Yargıtay’a göre de bir malın tam ve eksiksiz tesliminin gerçekleştiğinin kabulü için o malın her türlü ayıp ve hatadan ari olması gerekir. Bu nedenle de ayıp, aynen ifanın önünde bir engel teşkil etmektedir.

 

Neler Ayıplı Mal Olarak Kabul Edilir?

 

  • Taraflarca kararlaştırılmış olan örnek ya da modele uygun değilse,
  • Objektif olarak sahip olması gereken özellikleri taşımıyorsa,
  • Sözleşmeye aykırı ise,
  • Ambalajında, etiketinde, tanıtma ve kullanma kılavuzunda, internet portalında ya da reklam ve ilanlarında yer alan özelliklerinden bir veya birden fazlasını taşımıyorsa,
  • Satıcı tarafından bildirilen veya teknik düzenlemesinde tespit edilen niteliğe aykırıysa,
  • Muadili olan malların kullanım amacını karşılamıyorsa,
  • Tüketicinin makul olarak beklediği faydaları azaltan veya ortadan kaldıran maddi, hukuki veya ekonomik eksiklikler içeriyorsa
  • Sözleşmeye konu olan malın, sözleşmede kararlaştırılan süre içinde teslim edilmemesi,
  • Montajının satıcı tarafından veya onun sorumluluğu altında gerçekleştirildiği durumlarda gereği gibi monte edilmemesi,
  • Malın montajının tüketici tarafından yapılmasının öngörüldüğü hâllerde, montaj talimatındaki yanlışlık veya eksiklik nedeniyle montajın hatalı yapılması halleri de sözleşmeye aykırı ifa olarak değerlendirilir.

Satıcı, kendisinden kaynaklanmayan reklam yoluyla yapılan açıklamalardan haberdar olmadığını ve haberdar olmasının da kendisinden beklenemeyeceğini veya yapılan açıklamanın içeriğinin satış sözleşmesinin akdi anında düzeltilmiş olduğunu veya satış sözleşmesi kurulma kararının bu açıklama ile nedensellik bağı içinde olmadığını ispatladığı takdirde açıklamanın içeriği ile bağlı olmaz.

 

Neler Ayıplı Hizmet Olarak Kabul Edilir?

 

  • Hizmet sağlayıcısı tarafından bildirilen, internet portalında veya reklam ve ilanlarında yer alan özellikleri taşımayan ya da yararlanma amacı bakımından değerini veya tüketicinin ondan makul olarak beklediği faydaları azaltan veya ortadan kaldıran maddi, hukuki veya ekonomik eksiklikler içeren hizmetler ayıplıdır.

Sağlayıcı, hizmeti sözleşmeye uygun olarak ifa etmekle yükümlüdür.
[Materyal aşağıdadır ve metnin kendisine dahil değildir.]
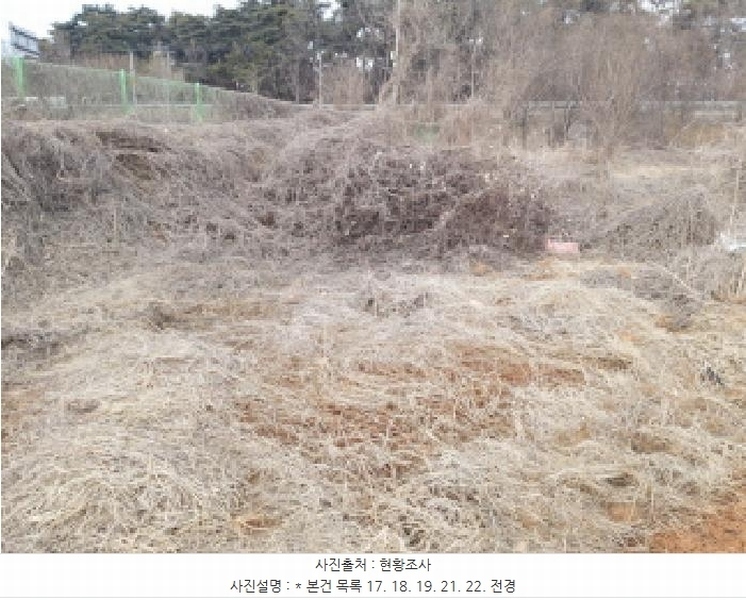 2024타경57188 경기도 평택시 팽성읍 남산리 221-15 농지 경매 이미지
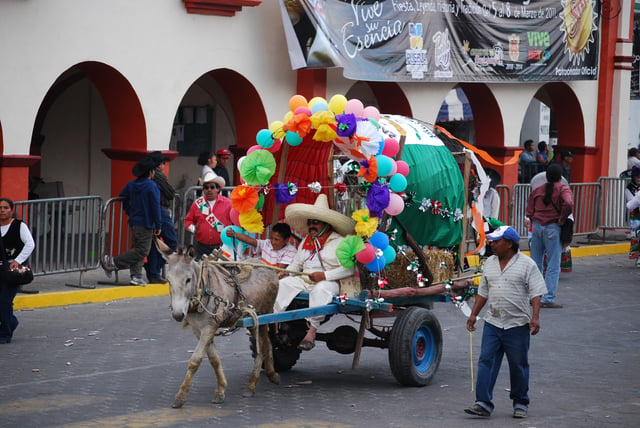 A burro pulling a cart during the Carnival of Huejotzingo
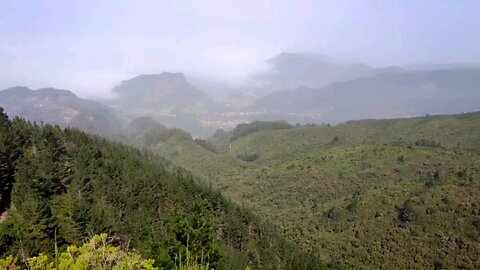 Madeira - Pico das Pedras - Portugal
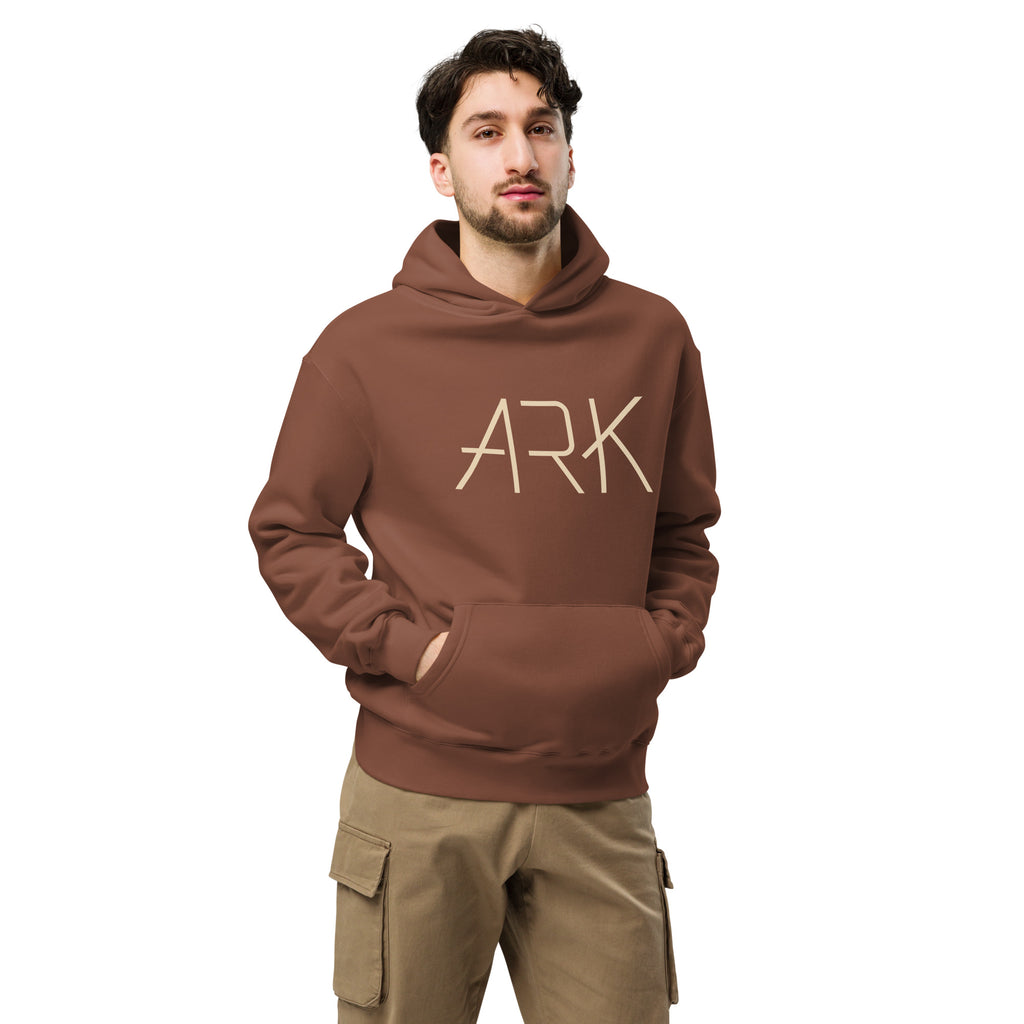 Men's Oversized Pullover Hoodie - ARK Noah's Ark Graphic - Various Colors Christian Faith Sweatshirt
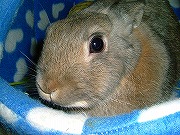 もっといっぱい「撫で撫で」して欲しいなぁ～～～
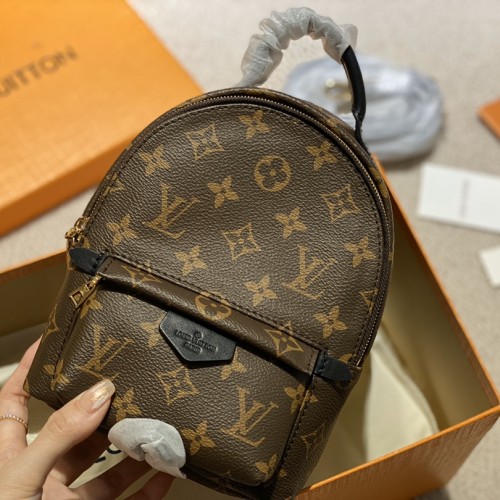 Louis Vuitton Monogram Palm Springs Mini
Sağlayıcı, kendisinden kaynaklanmayan reklam yoluyla yapılan açıklamalardan haberdar olmadığını ve haberdar olmasının da kendisinden beklenemeyeceğini veya yapılan açıklamanın içeriğinin hizmet sözleşmesinin kurulduğu tarihte düzeltilmiş olduğunu veya hizmet sözleşmesinin kurulması kararının bu açıklama ile nedensellik bağı içermediğini ispatladığı takdirde açıklamanın içeriği ile bağlı olmaz.

 

Ayıplı Mal veya Hizmet Tespit Edildiğinde Neler Yapılmalıdır?

 

İlk bakışta olağan bir inceleme ile anlaşılabilen ayıplar Açık Ayıp; İlk bakışta görünmeyen ancak daha sonra anlaşılan ayıplar Gizli Ayıp niteliğindedir. Satıcı, malı satış sözleşmesine uygun olarak tüketiciye teslim etmekle yükümlüdür.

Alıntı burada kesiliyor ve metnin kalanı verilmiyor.